(Task description) Look below for the line that contains "Store Lê Thanh" and the line that contains "パワーバックゲート標準装備。キーレスと車内からスイッチで開閉が可能です。", then restate both of them and every line in between, exactly. No picture goes in the copy.

(Data to examine)
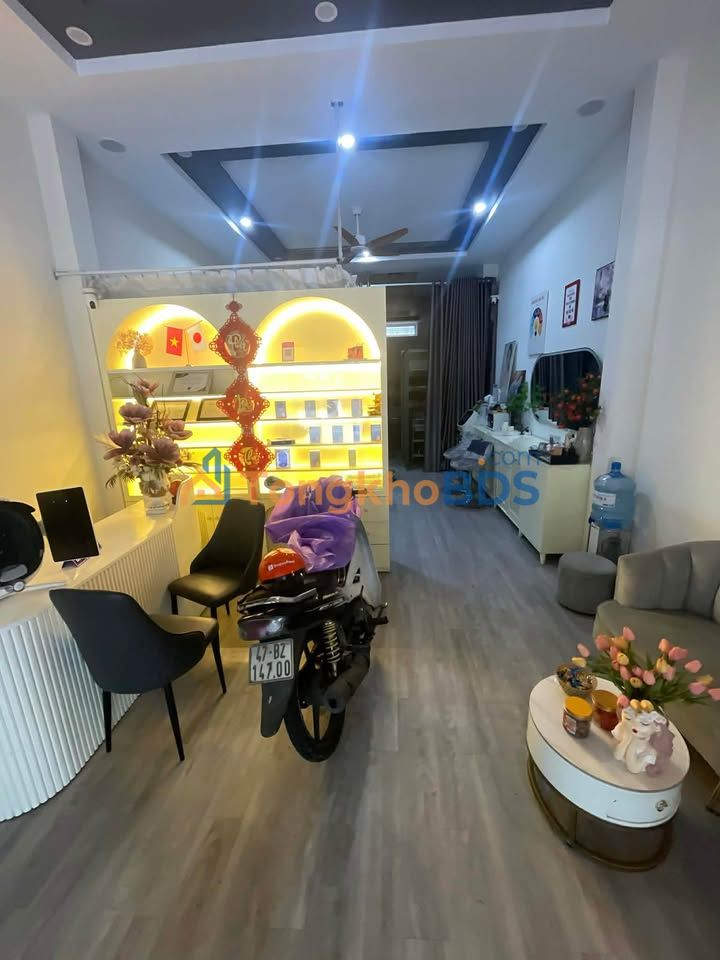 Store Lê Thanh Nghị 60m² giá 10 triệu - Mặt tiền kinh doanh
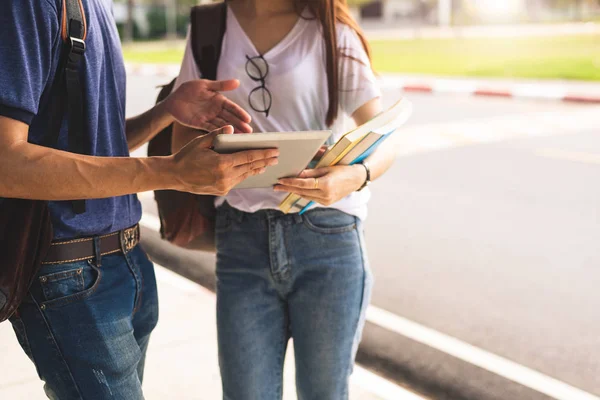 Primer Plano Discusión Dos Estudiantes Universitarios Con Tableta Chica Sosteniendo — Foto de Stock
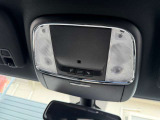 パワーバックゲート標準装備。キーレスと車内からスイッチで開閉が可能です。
---
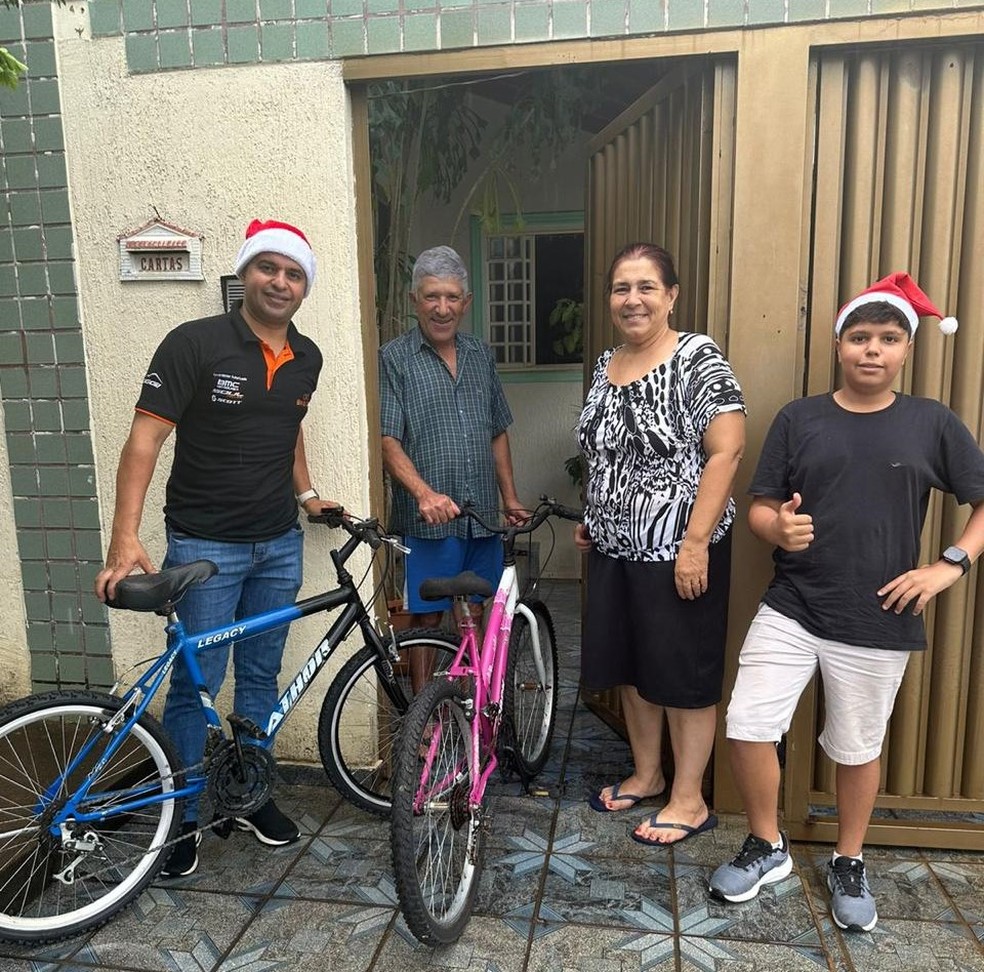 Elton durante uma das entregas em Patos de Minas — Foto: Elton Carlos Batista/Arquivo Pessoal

(Solution)
 Store Lê Thanh Nghị 60m² giá 10 triệu - Mặt tiền kinh doanh
 Primer Plano Discusión Dos Estudiantes Universitarios Con Tableta Chica Sosteniendo — Foto de Stock
 パワーバックゲート標準装備。キーレスと車内からスイッチで開閉が可能です。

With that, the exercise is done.